===== DATASET ENTRIES
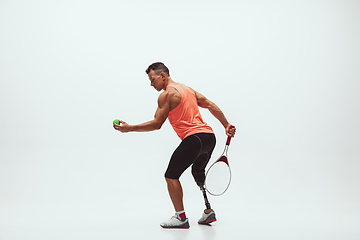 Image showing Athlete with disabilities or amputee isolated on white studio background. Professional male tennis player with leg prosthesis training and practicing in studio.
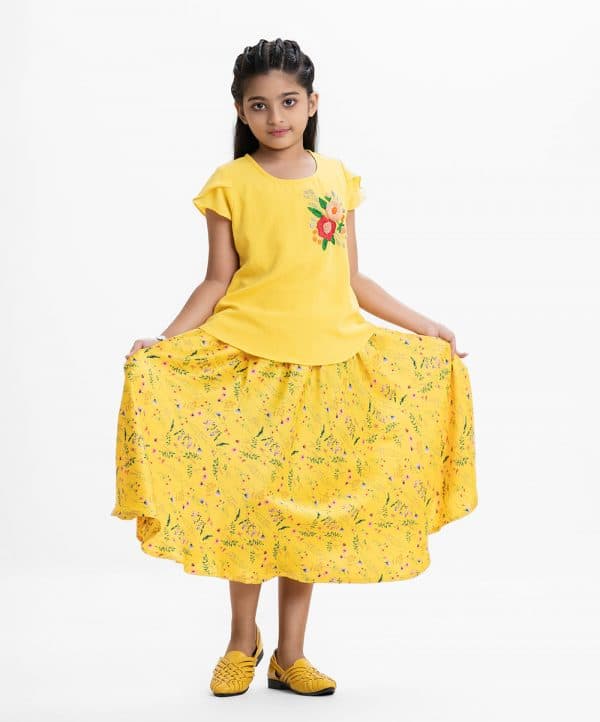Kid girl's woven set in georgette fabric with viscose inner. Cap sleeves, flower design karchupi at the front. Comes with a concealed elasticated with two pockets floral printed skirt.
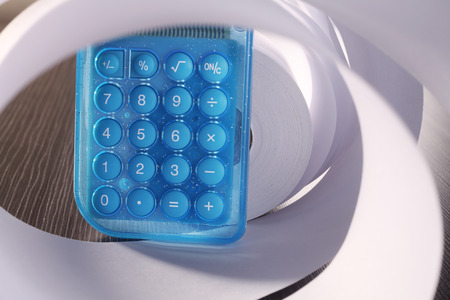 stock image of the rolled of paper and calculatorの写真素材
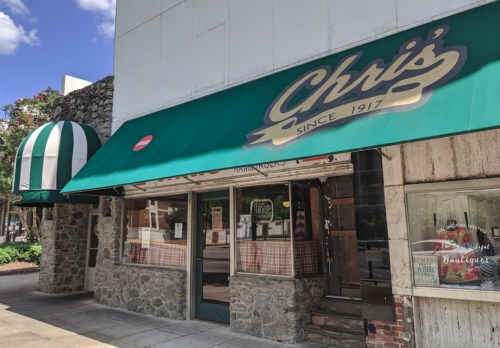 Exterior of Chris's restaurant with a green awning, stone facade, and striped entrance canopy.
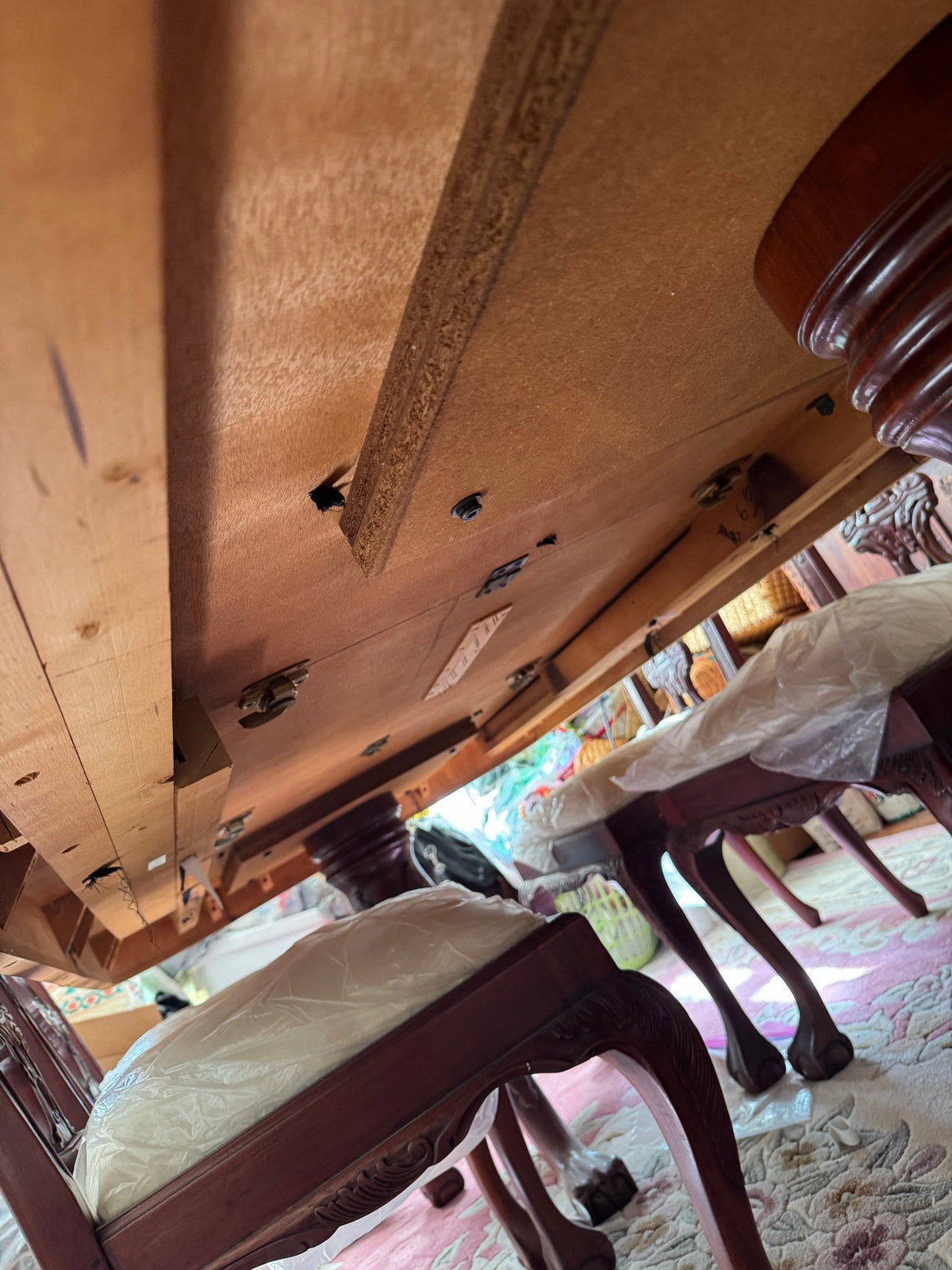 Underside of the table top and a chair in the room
==========
Beginning at the line that contains "Exterior of Chris's", retype each line of the data above through the very last one. Do not retype the pictures.

 Exterior of Chris's restaurant with a green awning, stone facade, and striped entrance canopy.
 Underside of the table top and a chair in the room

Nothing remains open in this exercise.